▶ [Exercise description]: When you copy the entries, omit the images and keep every word as it is.

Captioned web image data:
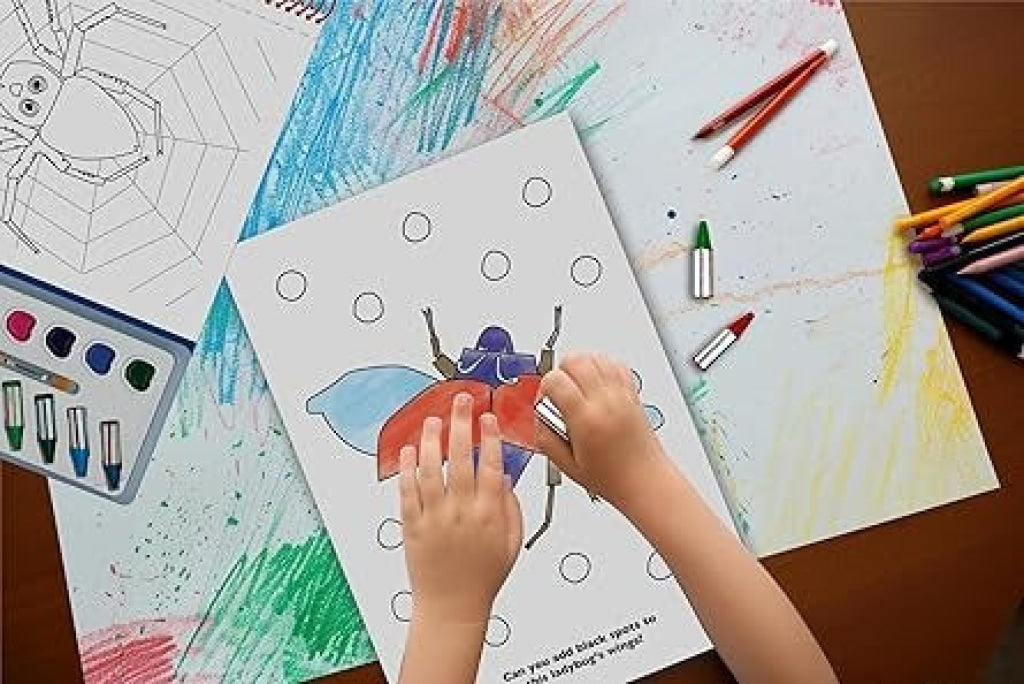 Deluxe Poster Paint & Colour Eric Carle - Eric Carle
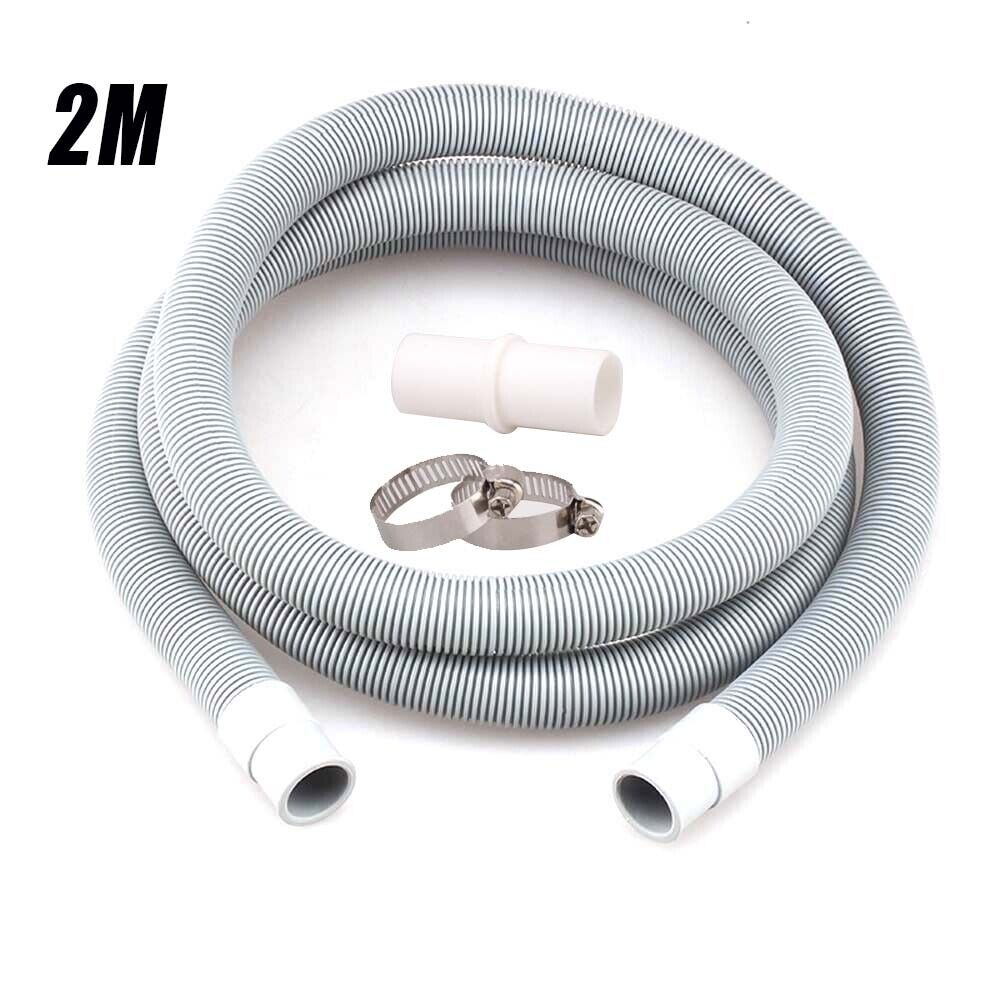 1/2/3 M Washing Machine Dishwasher Drain Waste Hose Extension Pipe Sets AU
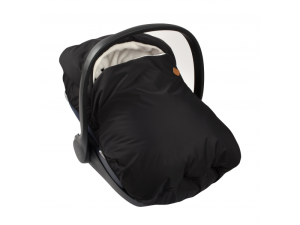  Fusak do autosedačky 0-12m Black
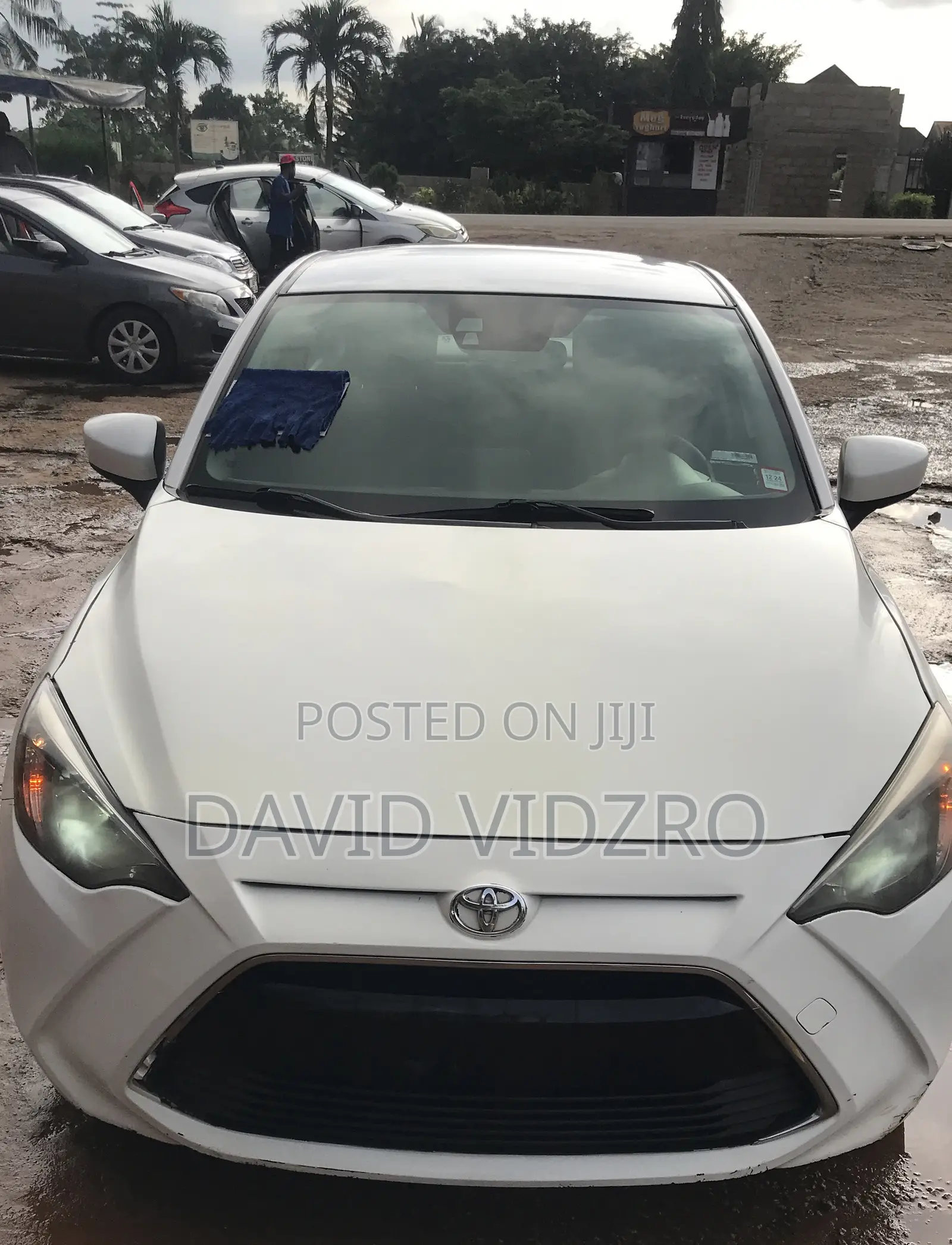 Toyota Yaris iA 1.5 FWD 2016 White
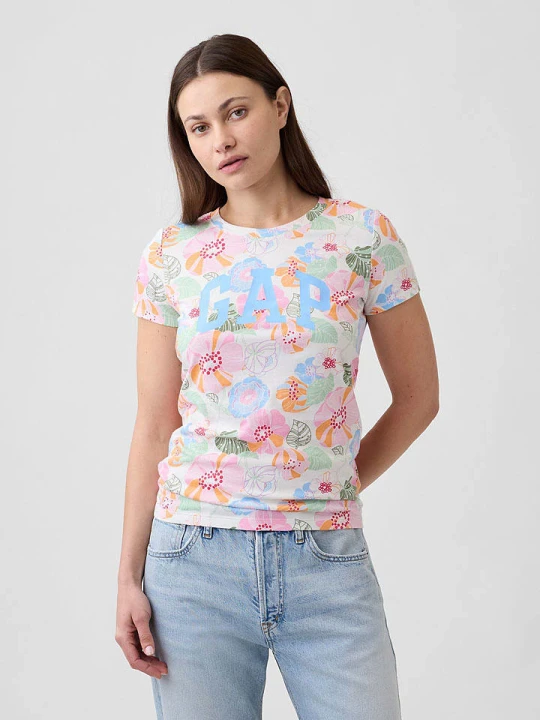 Zdjęcie produktu GAP Koszulka ze wzorem rozmiar: M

▶ [Completed task]:
 Deluxe Poster Paint & Colour Eric Carle - Eric Carle
 1/2/3 M Washing Machine Dishwasher Drain Waste Hose Extension Pipe Sets AU
  Fusak do autosedačky 0-12m Black
 Toyota Yaris iA 1.5 FWD 2016 White
 Zdjęcie produktu GAP Koszulka ze wzorem rozmiar: M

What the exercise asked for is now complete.